A veces pienso en ellos.
Hay judíos, católicos, ateos, agnósticos. Hay gente que ni sabe lo que es. Hay peronistas, kirchneristas, anarquistas, trotskistas. Hay gente que ni sabe lo que es. Hay periodistas especializados en espectáculos, en noticias policiales, en moda, en gastronomía, en viajes. Hay gente que ni sabe lo que es.
A veces me llega un mensaje de alguno que ya no está en este grupo de doce o quince o diecisiete. Un grupo que fluctúa, que fluctuará, que cada tanto trae un habitante nuevo y del que cada tanto se van otros, más antiguos. Esos mensajes nunca son tristes o melancólicos y contienen, sin excepción, noticias buenas: voy a publicar un libro, gané un premio, me pidieron un artículo de una revista estupenda, me van a traducir una nota al italiano.
Pienso en ellos, a veces. En los que se fueron y en los que están acá, en los que vienen desde hace años. En los que se irán muy pronto. En los que ya no volveré a ver (porque a muchos de los que se han ido no los he vuelto a ver). En los que han pasado aquí más tiempo del que toma una carrera universitaria, o tres veces lo que dura un doctorado, o cinco lo que dura una maestría. Me pregunto a qué vienen, qué buscan. Antes me preguntaba qué podía darles. Ahora me pregunto qué quiero: qué quiero darles.
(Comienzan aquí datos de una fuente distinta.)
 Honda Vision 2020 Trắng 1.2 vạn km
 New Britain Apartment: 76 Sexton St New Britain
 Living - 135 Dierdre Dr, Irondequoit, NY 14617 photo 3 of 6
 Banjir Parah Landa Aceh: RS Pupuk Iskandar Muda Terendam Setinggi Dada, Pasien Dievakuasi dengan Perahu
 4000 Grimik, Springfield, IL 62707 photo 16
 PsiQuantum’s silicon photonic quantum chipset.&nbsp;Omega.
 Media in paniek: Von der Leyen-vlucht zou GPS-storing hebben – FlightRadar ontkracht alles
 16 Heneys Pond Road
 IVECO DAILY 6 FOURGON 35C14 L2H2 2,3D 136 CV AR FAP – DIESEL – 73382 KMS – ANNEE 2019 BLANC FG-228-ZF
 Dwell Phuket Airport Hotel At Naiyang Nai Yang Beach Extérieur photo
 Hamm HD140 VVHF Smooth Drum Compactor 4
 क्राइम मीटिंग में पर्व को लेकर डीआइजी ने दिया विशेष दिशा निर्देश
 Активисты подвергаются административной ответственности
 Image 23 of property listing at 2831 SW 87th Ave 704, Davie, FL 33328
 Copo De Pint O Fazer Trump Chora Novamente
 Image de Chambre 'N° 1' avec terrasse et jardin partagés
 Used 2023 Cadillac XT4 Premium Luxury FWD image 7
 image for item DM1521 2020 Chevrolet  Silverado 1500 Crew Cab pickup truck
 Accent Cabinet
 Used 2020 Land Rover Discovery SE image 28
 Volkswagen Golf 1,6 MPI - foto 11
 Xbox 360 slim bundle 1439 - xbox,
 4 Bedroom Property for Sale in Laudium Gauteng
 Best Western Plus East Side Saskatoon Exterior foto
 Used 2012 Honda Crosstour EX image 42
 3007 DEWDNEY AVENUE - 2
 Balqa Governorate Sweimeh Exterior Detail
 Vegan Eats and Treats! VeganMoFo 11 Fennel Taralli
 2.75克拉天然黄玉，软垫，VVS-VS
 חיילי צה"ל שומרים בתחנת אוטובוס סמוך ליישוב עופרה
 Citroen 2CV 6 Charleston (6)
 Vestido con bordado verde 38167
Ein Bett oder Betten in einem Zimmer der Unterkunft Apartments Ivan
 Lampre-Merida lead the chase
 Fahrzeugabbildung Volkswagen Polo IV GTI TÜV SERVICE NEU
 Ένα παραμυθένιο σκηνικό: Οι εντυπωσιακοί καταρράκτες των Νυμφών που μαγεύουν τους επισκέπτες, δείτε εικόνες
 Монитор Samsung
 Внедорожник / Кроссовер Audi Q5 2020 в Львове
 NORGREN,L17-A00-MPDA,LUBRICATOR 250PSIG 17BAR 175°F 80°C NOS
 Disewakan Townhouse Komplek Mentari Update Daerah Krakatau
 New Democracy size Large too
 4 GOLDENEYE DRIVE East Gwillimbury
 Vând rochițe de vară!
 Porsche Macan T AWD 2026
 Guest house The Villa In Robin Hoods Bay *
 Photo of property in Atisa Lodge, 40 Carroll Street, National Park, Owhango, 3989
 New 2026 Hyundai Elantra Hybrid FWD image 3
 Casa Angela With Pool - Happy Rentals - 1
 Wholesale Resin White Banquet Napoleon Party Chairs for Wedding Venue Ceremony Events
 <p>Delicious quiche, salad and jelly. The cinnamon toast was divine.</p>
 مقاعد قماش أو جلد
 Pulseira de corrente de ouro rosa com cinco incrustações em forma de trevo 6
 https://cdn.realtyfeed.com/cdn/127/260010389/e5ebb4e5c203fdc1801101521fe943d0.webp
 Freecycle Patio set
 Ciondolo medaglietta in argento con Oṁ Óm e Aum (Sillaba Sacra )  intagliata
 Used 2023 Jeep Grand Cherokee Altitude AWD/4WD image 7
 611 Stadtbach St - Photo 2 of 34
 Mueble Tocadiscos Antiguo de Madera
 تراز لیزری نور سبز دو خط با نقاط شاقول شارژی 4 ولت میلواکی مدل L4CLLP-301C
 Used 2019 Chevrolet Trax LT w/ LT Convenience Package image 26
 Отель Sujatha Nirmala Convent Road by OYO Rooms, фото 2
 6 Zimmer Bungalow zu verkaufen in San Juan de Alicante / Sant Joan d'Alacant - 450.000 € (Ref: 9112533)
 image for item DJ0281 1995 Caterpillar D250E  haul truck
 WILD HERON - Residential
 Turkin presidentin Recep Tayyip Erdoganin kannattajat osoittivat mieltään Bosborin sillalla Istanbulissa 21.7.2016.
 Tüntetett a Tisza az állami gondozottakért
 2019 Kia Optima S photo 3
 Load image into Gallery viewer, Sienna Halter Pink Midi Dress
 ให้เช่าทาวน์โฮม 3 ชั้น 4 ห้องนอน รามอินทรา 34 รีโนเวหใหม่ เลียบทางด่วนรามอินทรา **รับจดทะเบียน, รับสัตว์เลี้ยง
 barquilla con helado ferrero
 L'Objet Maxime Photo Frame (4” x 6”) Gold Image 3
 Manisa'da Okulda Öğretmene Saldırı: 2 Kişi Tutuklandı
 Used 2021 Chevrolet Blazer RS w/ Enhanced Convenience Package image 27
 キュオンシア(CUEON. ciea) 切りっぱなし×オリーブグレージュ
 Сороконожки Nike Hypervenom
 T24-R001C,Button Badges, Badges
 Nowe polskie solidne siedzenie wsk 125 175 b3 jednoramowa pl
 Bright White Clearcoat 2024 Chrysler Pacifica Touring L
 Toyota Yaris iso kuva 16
Sé que sufren. Que hay padres enfermos, hijas enfermas, novios enfermos, novias enfermas, separaciones, celos, desempleo, miedos. Hubo, este año, muertos. Ellos no necesitan que yo les pregunte demasiado. Solo necesitan saber que sé que estarán bien. A veces, cuando sucede algo grave, les escribo y les digo: “Todo va a estar bien”. Y mientras lo escribo lo creo, y las palabras quedan imbuidas de una confianza que no tengo siquiera para mí.
Desde hace tiempo me pregunto: ¿por qué hago esto? Antes o después se irán. Si hago bien mi trabajo se irán. Olvidarán, incluso, que estuvieron. Dentro de diez años recordarán todo esto como se recuerda a un fantasma: “Ah, sí, es cierto, estuve en ese lugar. Era raro. Escribíamos, leíamos, ella hacía comentarios. No sé bien qué pasaba después”. Porque no es mucho lo que pasa. Yo les digo algunas cosas, les leo otras. Siempre les pido que escriban. Ellos escriben, y después leen, y después hablamos acerca de lo que leen. No hay mucho más. No hay secretos.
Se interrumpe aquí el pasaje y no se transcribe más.